En effet le danger est un concept qualitatif scientifiquement vide de sens : si est dangereux ce qui réduit l’espérance de vie, alors tout est danger. La recherche pour sa part se fonde sur le concept probabiliste de risque, qui a une valeur statistique mesurable, exprimée par la variance de la mesure, et à partir duquel un choix devient possible.

L’effervescence autour du travail de Gilles-Éric Séralini (1) est un bel exemple du flou qu’apporte le discours autour du danser : On finit par ne plus savoir de quoi l’on parle, et la confusion devient complète au niveau des médias. Alors, que retirer de ce vacarme, une fois les informations mises à plat ? Qu’il est bien difficile de mesurer le risque sanitaire que représentent les OGM ; que ce risque existe peut-être mais sans être vraiment significatif et M. Séralini le montre a contrario par sa difficulté à présenter des résultats expérimentaux convaincants ; que le passage de la recherche à l’expertise n’est pas simple et ouvre la porte à tous les excès et tous les soupçons ; que les agences nationales et internationales, qui font sans doute correctement leur métier, ne peuvent qu’être les cibles des médias du fait de leurs positions raisonnables ; que les groupes de pression pro et anti ajoutent à la confusion par des lectures volontairement biaisées des travaux scientifiques.

Bref, rien que nous ne sachions déjà. Seule avancée sur ce dossier : selon Mme Delphine Batho, ministre de l’Écologie, il faut désormais réfléchir à « des études à long terme, qui portent sur les effets cumulés des OGM et des pesticides qui les accompagnent et revoir la procédure d’évaluation. » (2)

Tout ceci a comme effet secondaire que les risques majeurs des OGM, sur l’environnement et sur l’économie, (3) sont complètement passés sous silence. Or ils sont pour leur part démontrés, mesurables et décrits depuis longtemps. On apprend par exemple au hazard de ce dossier que la filière viande de notre pays est entièrement soumise aux diktats de Monsanto, puisque l’alimentation du bétail est à 80% dépendante des OGM.(4). On voit aussi que ces derniers ne sont pas mis au point comme réponse à la demande alimentaire écologiste de la planète, mais pour vendre plus ( Monsato continuant à fabriquer des OGM compatibles avec son Roundup, au lieu d’en concevoir qui n’aient pas besoin d’engrais ou de pesticide). Mais il en est des OGM comme du nucléaire : les réactions sont subjectives et centrées sue la peur d’un effet sanitaire individuel. Cette peur du danger des OGM fait oublier aussi plusieurs choses.

La première, c’est qu’ils sont certainement moins dangereux du point de vue sanitaire que nombre de comportements et d’habitudes parfaitement assumés : l’automobile, le tabac, l’alcool, la malbouffe, présentent des risques infiniment plus élevés que les OGM alimentaires, et pourtant ils ne sont pas vraiment remis en cause.

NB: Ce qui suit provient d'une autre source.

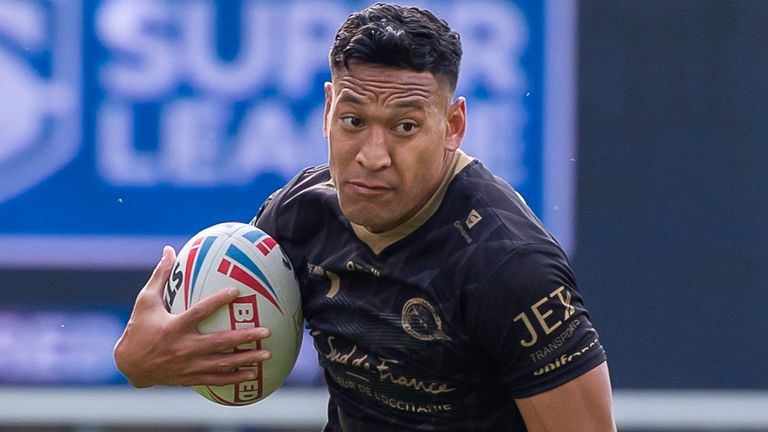 Israel Folau in action against St Helens. The Australian did not join other players in taking a knee before kick-off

La deuxième, c’est que l’on ne peut déjà plus s’en passer : à la question « Pour éviter le risque (supposé) des OGM, êtes-vous prêt à stopper votre consommation de viande ? », la réponse sera certainement non, comme est non la réponse à la question : « Êtes-vous prêt à réduire votre consommation d’énergie pour pouvoir fermer une centrale nucléaire ? »

La troisième enfin, et l’on retombe toujours sur ce facteur clé quand on parle d’écologie, c’est que pour nourrir correctement et écologiquement sept, puis bientôt neuf milliards d’habitants sur notre planète, les OGM sont déjà et seront de plus en plus une des rares solutions viables. Encore faut-il que les gouvernements soient conscients des priorités et des vrais risques qu’ils font courir et soient capables d’imposer des règles écologiquement et économiquement satisfaisantes aux fabricants.

Nous en somme hélas bien loin, et les palinodies autour des travaux et discours de M. Séralini sur un supposé danger sanitaire ne font pas avancer les choses, en focalisant l’attention sur un risque possible mais sans doute peu ou pas supérieur au bruit de fond du risque sanitaire qu’impose au citoyen notre société moderne.

François VILLEMONTEIX

le Nouvel Observateur, septembre 2012 ; Le Monde, 27 octobre ; Libération, 23 octobre...
Le Monde, 22 octobre. La (3) Cité n° 39 ; Royaliste n° 756, 968, 987, etc.